A Very Relational Approach
For databases without the set type, you could open a new table to represent the set of entities for which each flag is set.
E.g. for a Table "Students" you could have tables "RegisteredStudents", "SickStudents", TroublesomeStudents etc. Each table will have only one column: the student_id. This would actually be very fast if all you want to know is which students are "Registered" or "Sick", and would work the same way in every DBMS.
For many cases, it depends on a lot of things - like your database backend. If you're using MySQL, for example, the SET datatype is exactly what you want.
Basically, it's just a bitmask, with values assigned to each bit. MySQL supports up to 64-bit values (meaning 64 different toggles). If you only need 8, then it only takes a byte per row, which is pretty awesome savings.
If you honestly have more than 64 values in a single field, your field might be getting more complicated. You may want to expand then to the BLOB datatype, which is just a raw set of bits that MySQL has no inherent understanding of. Using this, you can create an arbitrary number of bit fields that MySQL is happy to treat as binary, hex, or decimal values, however you need. If you need more than 64 options, create as many fields as is appropriate for your application. The downside is that is is difficult to make the field human readable. The BIT datatype is also limited to 64.
If the flags have very different meanings and are used directly in SQL queries or VIEWS, then using multiple columns of type BOOLEAN might be a good idea.
Put each flag into an extra column, because you'll read and modify them separately anyway. If you want to group the flags, just give their column names a common prefix, i.e. instead of:
CREATE TABLE ... (
warnings INTEGER,
errors INTEGER,
...
)
you should use:
CREATE TABLE ... (
warning_foo BOOLEAN,
warning_bar BOOLEAN,
warning_...
error_foo BOOLEAN,
error_bar BOOLEAN,
error_... BOOLEAN,
...
)
Although MySQL doesn't have a BOOLEAN type, you can use the quasi standard TINYINT(1) for that purpose, and set it only to 0 or 1.
I would recommend using a BOOLEAN datatype if your database supports this.
Otherwise, the best approach is to use NUMBER(1) or equivalent, and put a check constraint on the column that limits valid values to (0,1) and perhaps NULL if you need that. If there is no built-in type, using a number is less ambiguous that using a character column. (What's the value for true? "T" or "Y" or "t")
The nice thing about this is that you can use SUM() to count the number of TRUE rows.

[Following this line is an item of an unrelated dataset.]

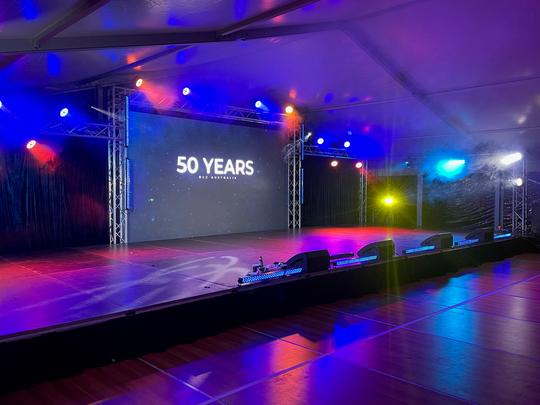 Internal structure for music/DJ from Synergy Productions for birthdays, parties and weddings with dance floor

SELECT COUNT(1), SUM(ActiveFlag)
FROM myusers;
If there are more than just a few flags, or likely to be so in the future, I'll use a separate table of flags and a many-to-many table between them.

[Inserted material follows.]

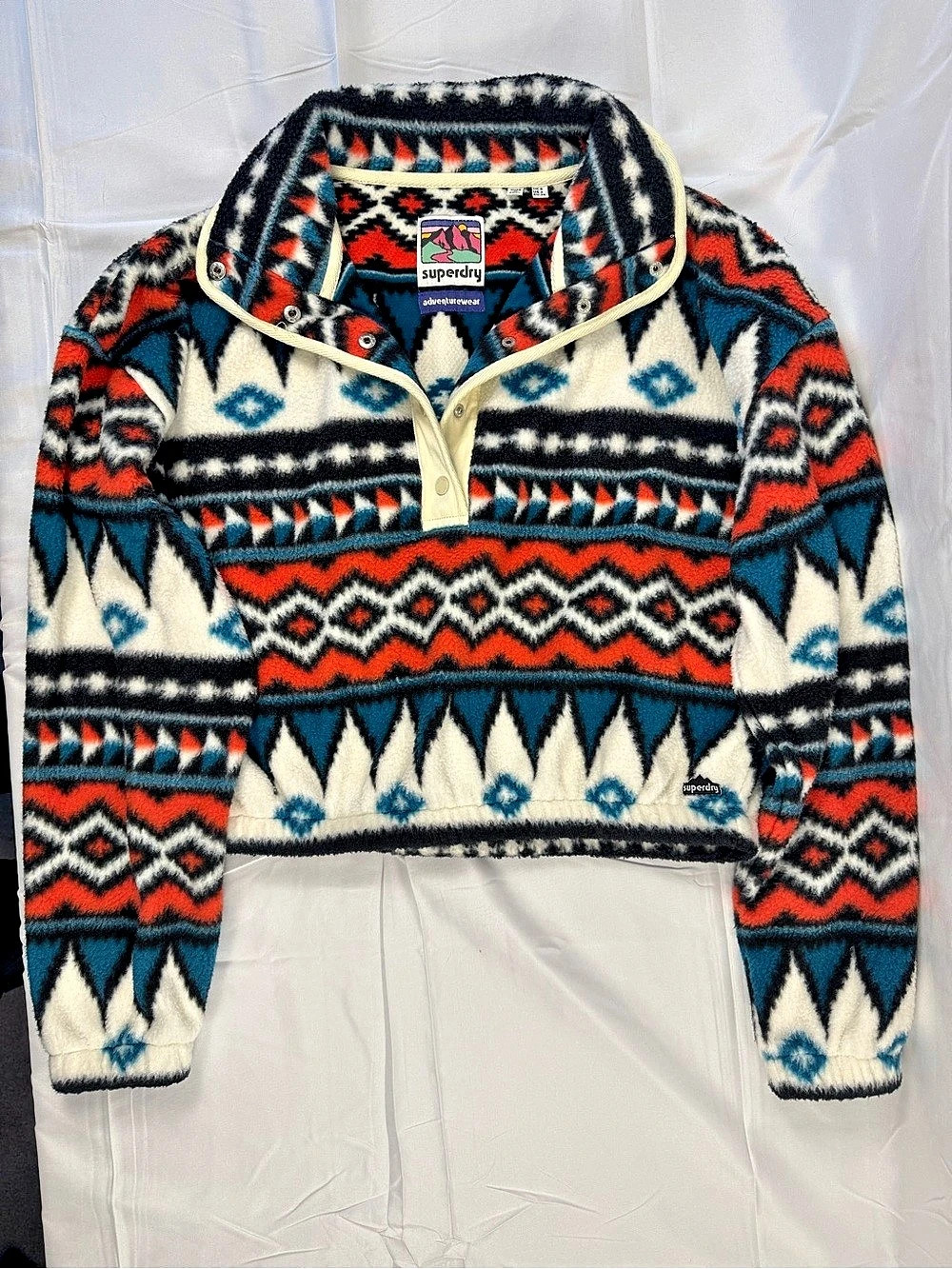 Superdry Super Soft Printed Teddy Fleece Jacket Aztec Print US 4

If there are a handful of flags and I'm never going to use them in a WHERE, I'll use a SET() or bitfield or whatever. They're easy to read and more compact, but a pain to query and sometimes even more of a headache with an ORM.
If there are only a few flags -- and only ever going to be a few flags -- then I'll just make a couple BIT/BOOLEAN/etc columns.
Came across this when I was pondering best way to store bitmask flags (similar to OP's original use of integers) in a database.
The other answers are all valid solutions, but I think its worth mentioning that you may not have to resign yourself to horrible query problems if you choose to store bitmasks directly in the database.
If you are working on an application that uses bitmasks and you really want the convenience of storing them in the database as one integer or byte column, go ahead and do that. Down the road, you can write yourself a little utility that will generate another table of flags (in whatever pattern of rows/columns you choose) from the bitmasks in your primary working table. You can then do ordinary SQL queries on that computed/derived table.
This way your application gets the convenience of only reading/writing the bitmask field/column. But you can still use SQL to really dive into your data if that becomes necessary at a later time.